## Task description
Using the data below, print exactly the line with "2000 Metropica Wy, Sunrise, FL", the line with "3 Bedroom Property", and every line between them, but none of the pictures.

## Recorded information
+++

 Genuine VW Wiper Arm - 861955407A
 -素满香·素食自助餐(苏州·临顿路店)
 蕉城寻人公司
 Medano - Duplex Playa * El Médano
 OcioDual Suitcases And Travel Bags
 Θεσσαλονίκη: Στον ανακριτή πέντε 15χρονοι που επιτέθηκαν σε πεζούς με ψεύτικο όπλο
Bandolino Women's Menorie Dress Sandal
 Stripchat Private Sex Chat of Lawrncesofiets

+++

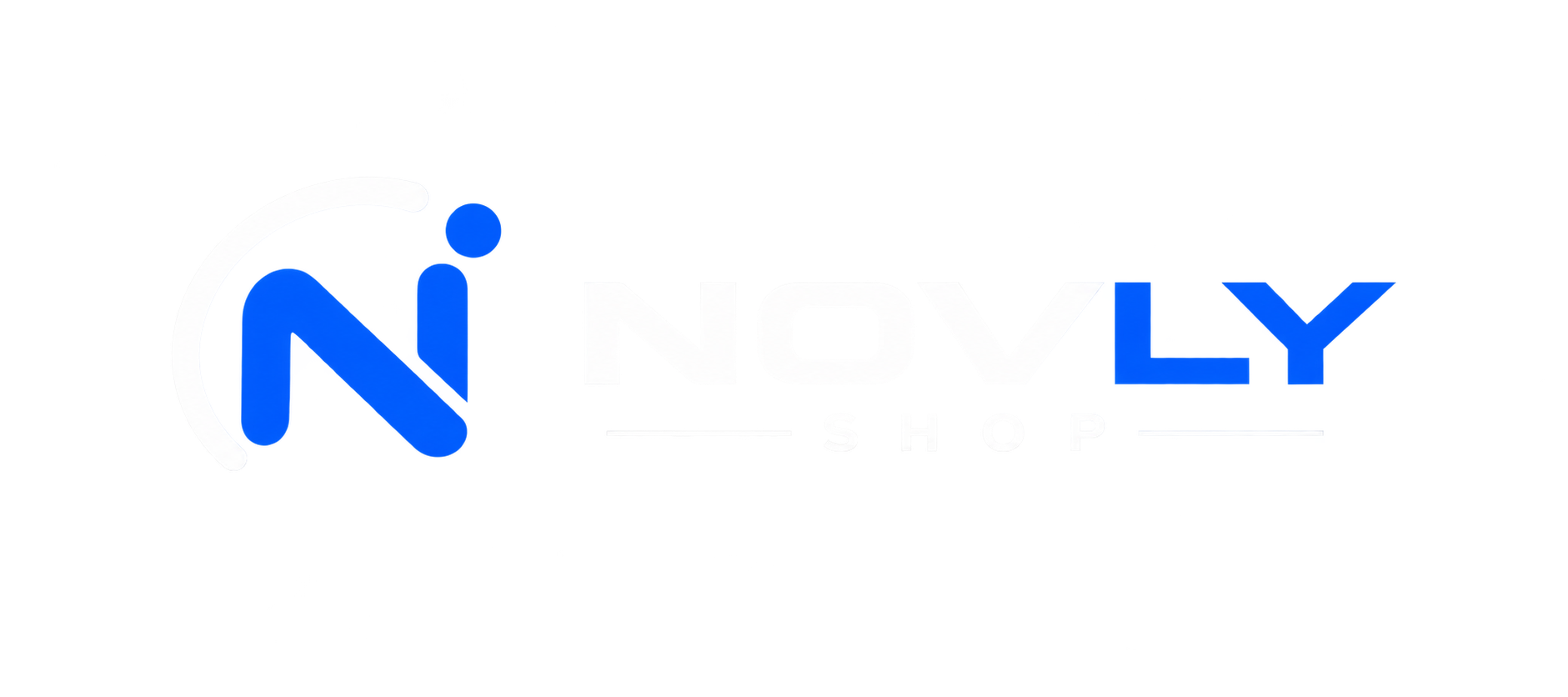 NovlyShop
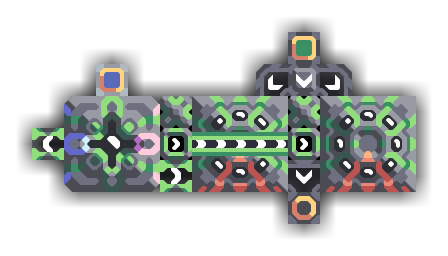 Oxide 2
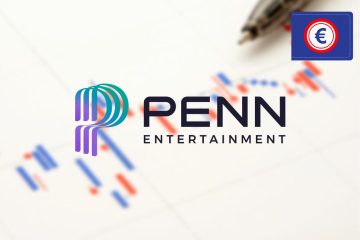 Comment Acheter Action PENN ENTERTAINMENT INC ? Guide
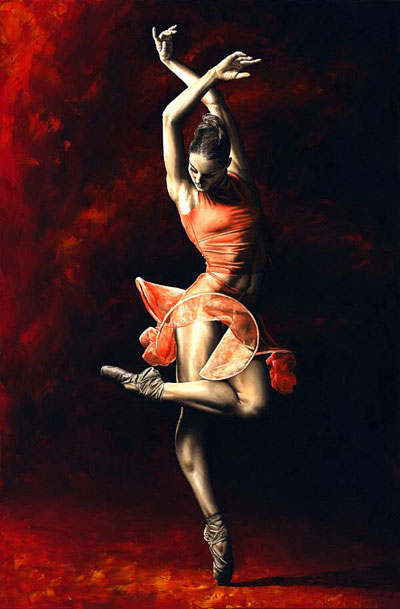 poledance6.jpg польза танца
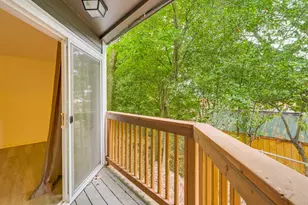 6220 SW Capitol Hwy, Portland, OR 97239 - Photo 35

+++

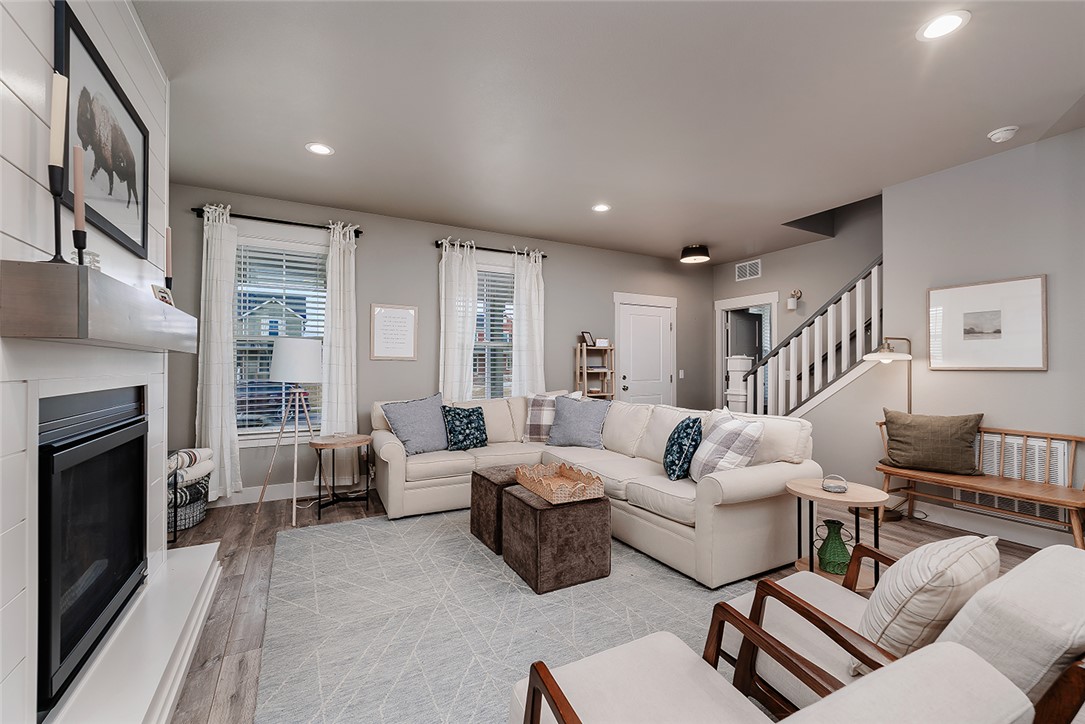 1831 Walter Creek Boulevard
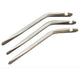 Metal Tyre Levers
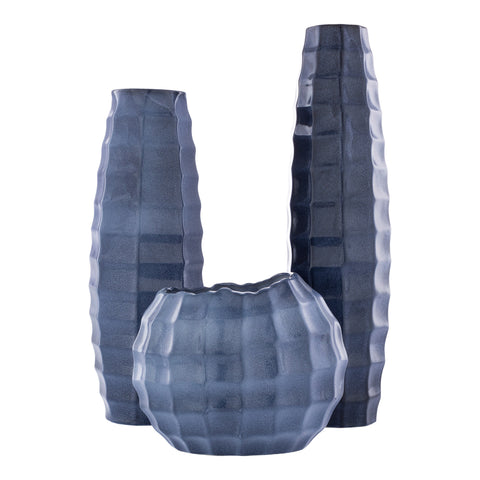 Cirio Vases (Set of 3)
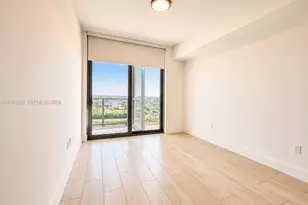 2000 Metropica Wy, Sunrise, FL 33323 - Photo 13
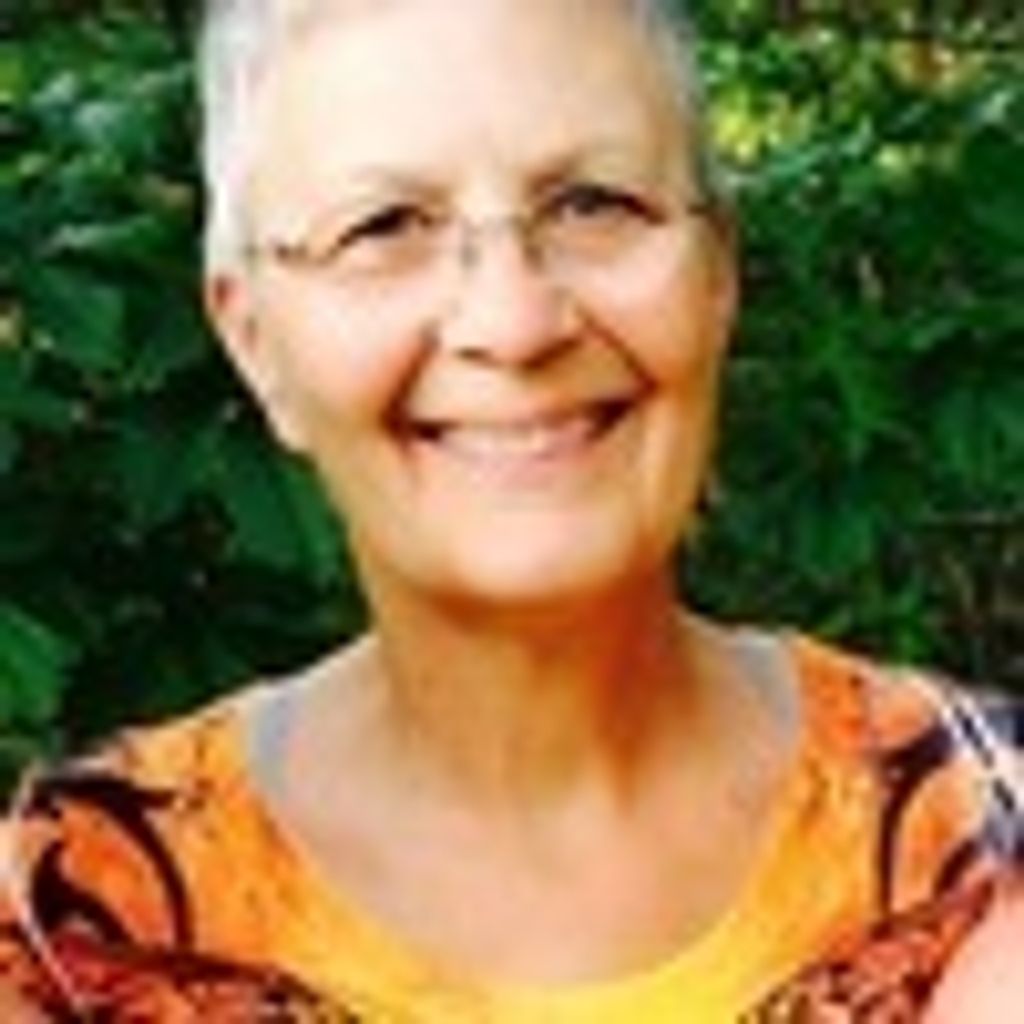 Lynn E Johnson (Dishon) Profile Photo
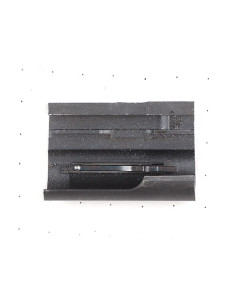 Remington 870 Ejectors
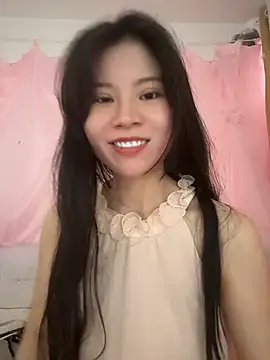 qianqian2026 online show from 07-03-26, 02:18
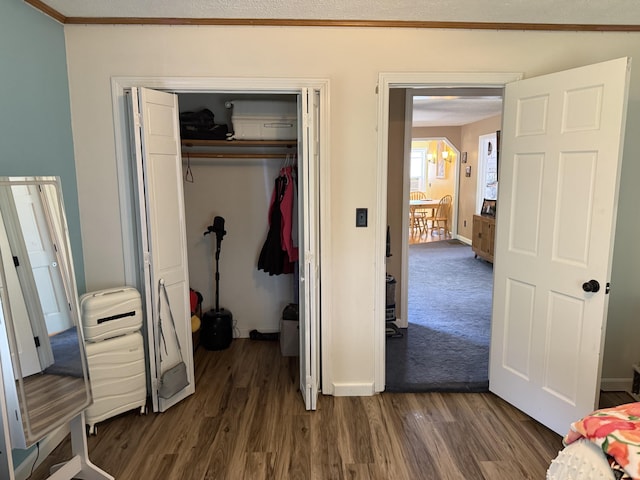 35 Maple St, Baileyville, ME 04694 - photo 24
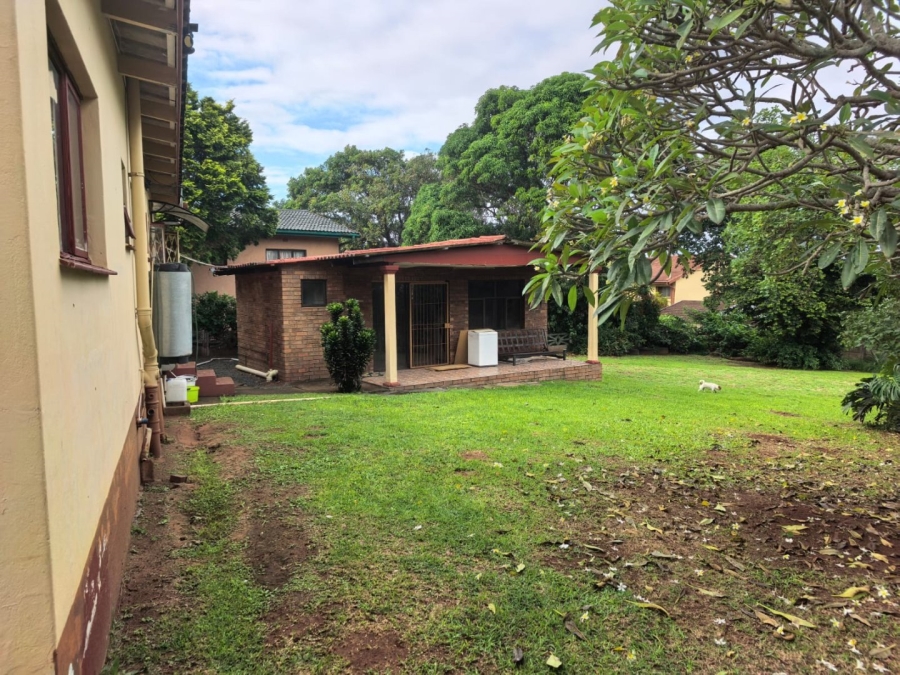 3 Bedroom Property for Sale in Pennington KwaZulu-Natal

+++

## Exercise output
 2000 Metropica Wy, Sunrise, FL 33323 - Photo 13
 Lynn E Johnson (Dishon) Profile Photo
 Remington 870 Ejectors
 qianqian2026 online show from 07-03-26, 02:18
 35 Maple St, Baileyville, ME 04694 - photo 24
 3 Bedroom Property for Sale in Pennington KwaZulu-Natal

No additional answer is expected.